━━━━━ SUPPLIED ENTRIES ━━━━━

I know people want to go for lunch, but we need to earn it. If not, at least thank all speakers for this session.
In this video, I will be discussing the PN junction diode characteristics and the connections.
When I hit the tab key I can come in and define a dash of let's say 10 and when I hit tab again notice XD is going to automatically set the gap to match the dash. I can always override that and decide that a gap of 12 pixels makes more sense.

━━━━━
━━━━━ SUPPLIED ENTRIES ━━━━━

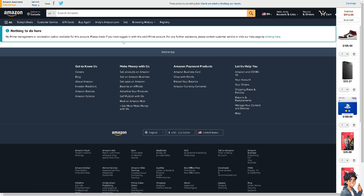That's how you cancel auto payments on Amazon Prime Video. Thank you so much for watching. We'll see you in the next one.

━━━━━

## WHAT NEEDS TO BE DONE:
Only the lines above that include the word "this" belong in the answer; copy each one.

## WRITTEN SOLUTION:
I know people want to go for lunch, but we need to earn it. If not, at least thank all speakers for this session.
In this video, I will be discussing the PN junction diode characteristics and the connections.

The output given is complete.